#### [Dataset extract]
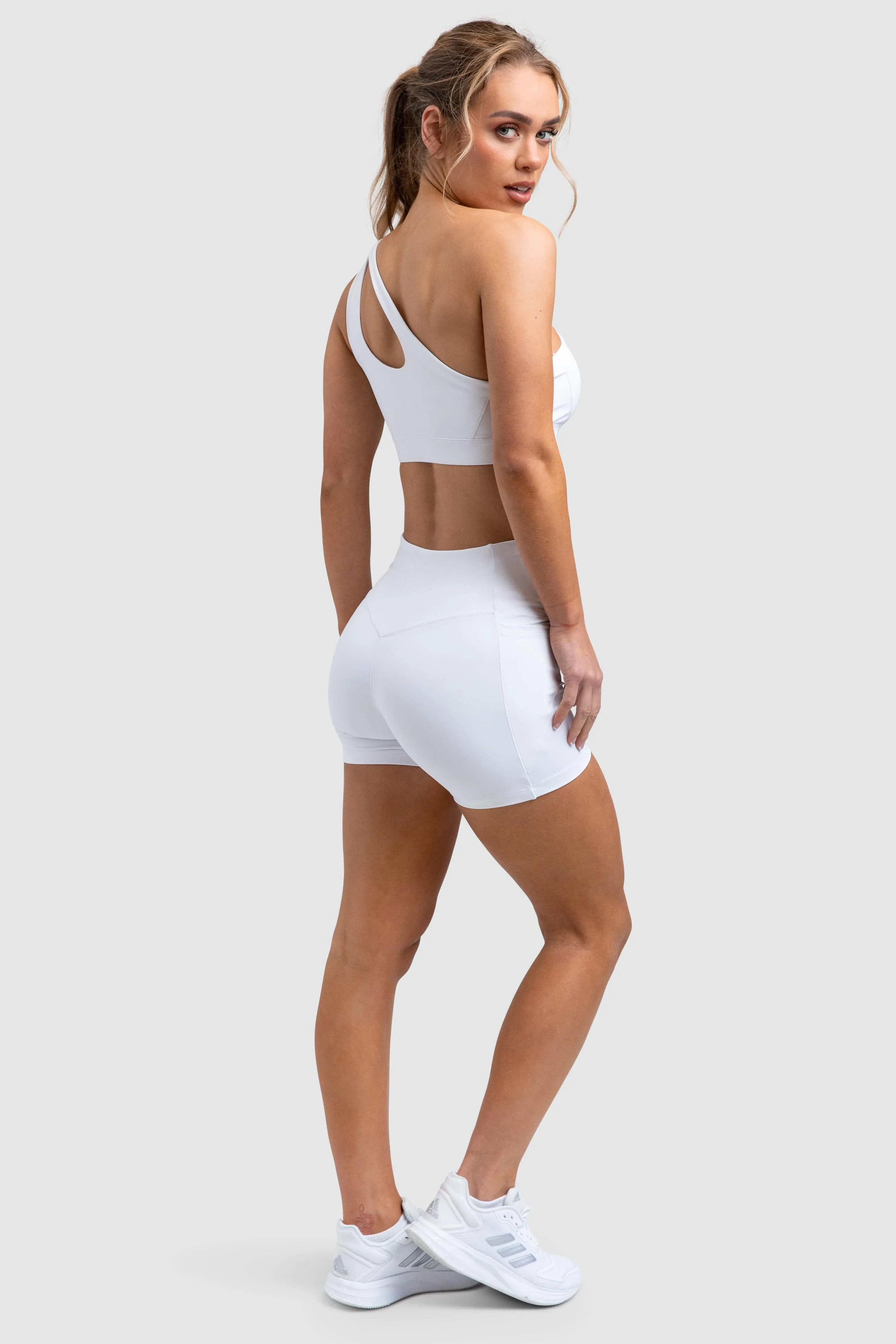 Desire Shorts - White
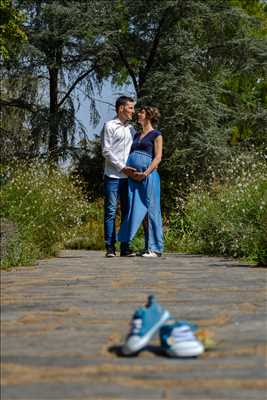 photographie de Camille à Château-Gontier-sur-Mayenne : shooting grossesse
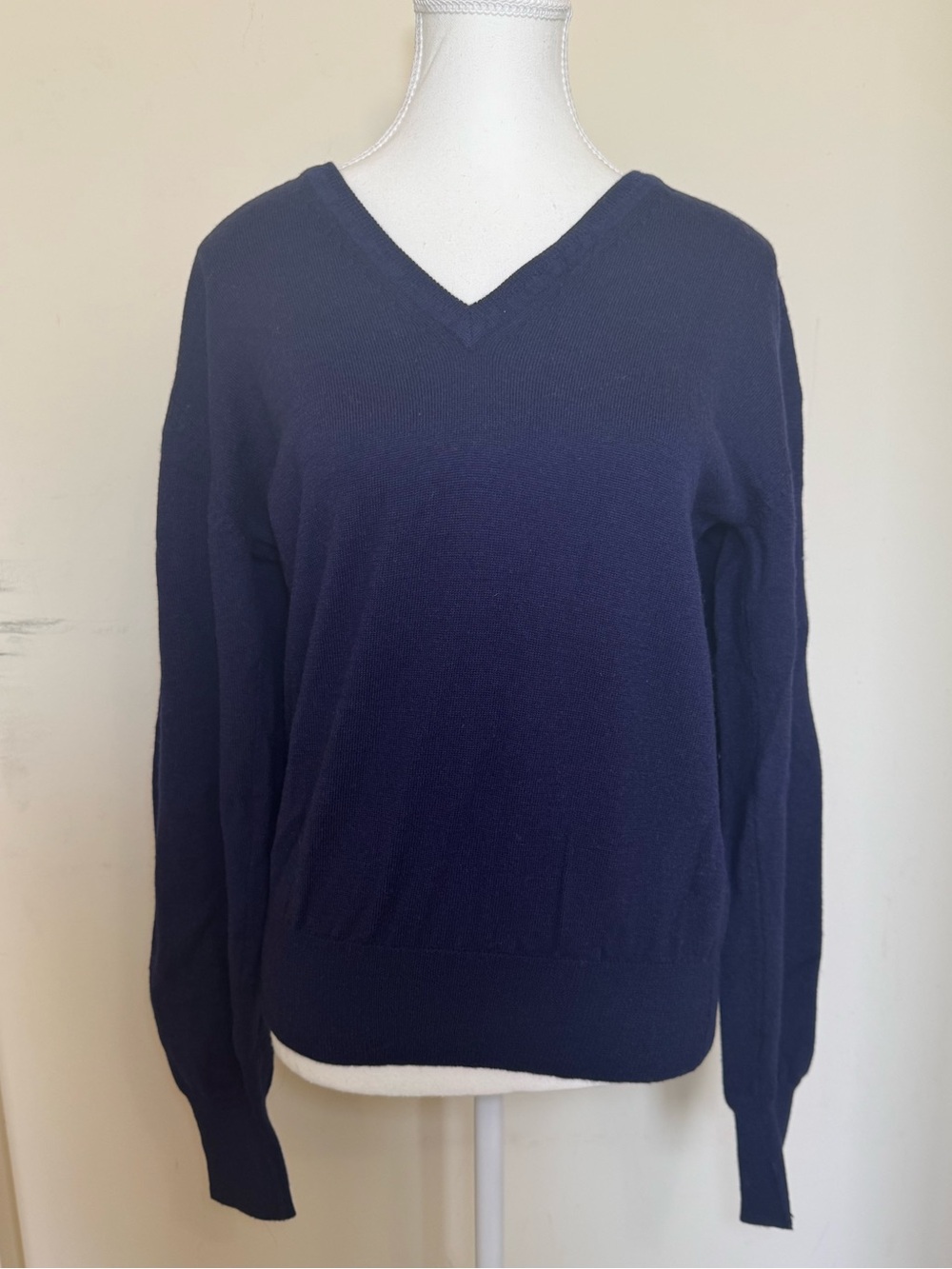 3/$30 Classic Navy Wool V-Neck Women's Sweater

#### [Problem to work on]
Print the data again word for word, pictures excluded.

#### [Final answer]
 Desire Shorts - White
 photographie de Camille à Château-Gontier-sur-Mayenne : shooting grossesse
 3/$30 Classic Navy Wool V-Neck Women's Sweater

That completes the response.